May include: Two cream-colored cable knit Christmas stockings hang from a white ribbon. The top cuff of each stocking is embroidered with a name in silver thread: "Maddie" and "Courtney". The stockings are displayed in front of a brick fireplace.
* * *
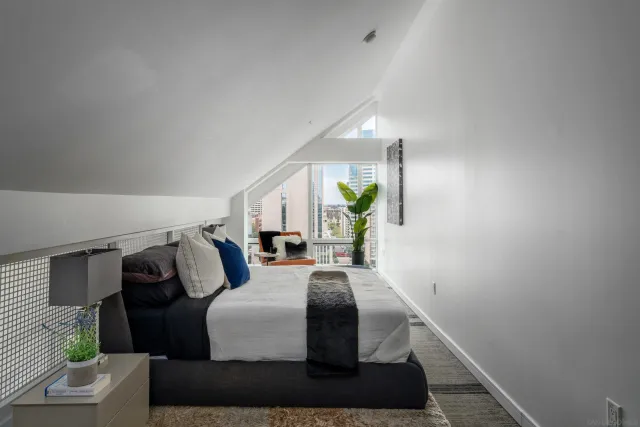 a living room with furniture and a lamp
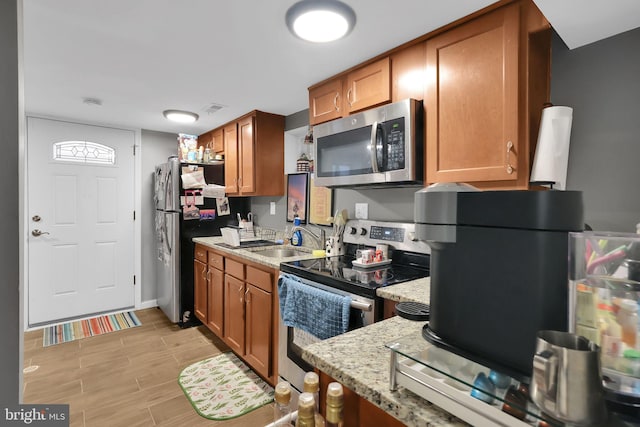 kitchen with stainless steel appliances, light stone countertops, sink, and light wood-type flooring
---
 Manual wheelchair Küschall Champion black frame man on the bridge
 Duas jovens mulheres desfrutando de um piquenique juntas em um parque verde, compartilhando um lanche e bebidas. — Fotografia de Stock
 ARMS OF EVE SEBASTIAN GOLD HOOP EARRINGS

(PROBLEM TO SOLVE):
For this exercise, return exactly the lines above from the line with "a living room with furniture and a lamp" through the line with "kitchen with stainless", both included. Do not copy the pictures.

(RESPONSE TO THE TASK):
 a living room with furniture and a lamp
 kitchen with stainless steel appliances, light stone countertops, sink, and light wood-type flooring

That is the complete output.